Having a density which decays like $e^{-z^{r}}$ but not quite that speed is what causes an issue.
This probably works with the density $$\exp(-x^{3/2 + \min(1/x, 1/2)})$$ because this tail gets close to $e^{-x^{3/2}}$ but never quite gets there. The calculations are probably terrible though.
A note on where this idea came from
The main idea is that as $x$ ranges from 0 to $\infty$ each $k$ term in the summation $$\sum_{k=1}^\infty \frac{1}{2^k} C_{3/2+1/2k}\exp(-x^{3/2 + 1/2k})$$ will at some point be essentially the largest term in the summation. It's not something that has a nice formula, but you can plot the terms (best if done in log-scale, and ignoring the $C$ term) and see that as $x$ grows each $k$ term is the maximum in the sum for at least a little while.

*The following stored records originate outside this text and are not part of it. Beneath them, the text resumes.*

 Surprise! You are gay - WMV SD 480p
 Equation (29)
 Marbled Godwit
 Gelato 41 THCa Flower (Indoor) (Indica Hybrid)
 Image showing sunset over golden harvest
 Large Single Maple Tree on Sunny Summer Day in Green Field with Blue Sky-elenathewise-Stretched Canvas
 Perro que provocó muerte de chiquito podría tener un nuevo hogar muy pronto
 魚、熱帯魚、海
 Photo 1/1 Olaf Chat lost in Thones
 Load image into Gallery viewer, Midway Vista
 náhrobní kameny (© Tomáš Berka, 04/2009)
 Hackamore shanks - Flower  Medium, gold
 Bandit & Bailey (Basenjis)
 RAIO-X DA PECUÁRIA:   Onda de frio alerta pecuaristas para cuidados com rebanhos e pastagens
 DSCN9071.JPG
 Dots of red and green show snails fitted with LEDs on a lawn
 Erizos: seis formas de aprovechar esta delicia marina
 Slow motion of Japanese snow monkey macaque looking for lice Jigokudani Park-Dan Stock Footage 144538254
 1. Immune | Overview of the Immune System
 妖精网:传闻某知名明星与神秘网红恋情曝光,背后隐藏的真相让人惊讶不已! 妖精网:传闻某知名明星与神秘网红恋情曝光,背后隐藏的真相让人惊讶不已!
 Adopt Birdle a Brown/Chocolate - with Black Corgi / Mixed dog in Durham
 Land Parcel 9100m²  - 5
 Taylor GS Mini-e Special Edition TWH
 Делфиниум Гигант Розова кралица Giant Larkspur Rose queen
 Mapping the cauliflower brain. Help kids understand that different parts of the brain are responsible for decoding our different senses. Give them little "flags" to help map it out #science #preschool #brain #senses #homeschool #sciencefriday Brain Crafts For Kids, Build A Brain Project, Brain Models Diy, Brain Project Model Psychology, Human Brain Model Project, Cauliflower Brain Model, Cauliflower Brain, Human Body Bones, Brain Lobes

What that means is, at least for a small interval $X$ essentially "looks like" something with density $e^{-x^{3/2 + 1/2k}}$ and the moments of this distribution act like $p^{1/(3/2 + 1/2k)}$.
From here I think it's pretty straightforward to see that the behavior above and below $r=3/2$ is what is expected. The only subtle point is what happens at $r=3/2$. This is where the fact that each term is strictly more concentrated than $e^{-x^{3/2}}$ is useful since when we move the limit into the sum each term will tend to zero.
The other fact that is important, but not well known, is that $e^{-x^\alpha}$ has moments like $p^{1/\alpha}$. This has much more well known special cases when $\alpha = 1$ or 2. A good reference for this is Chapter 2 of this book, especially the subsection on "Orlicz norms."
I will say that the choice of $r=3/2$ is arbitrary. The example can be adjusted to use any $r \geq 1$.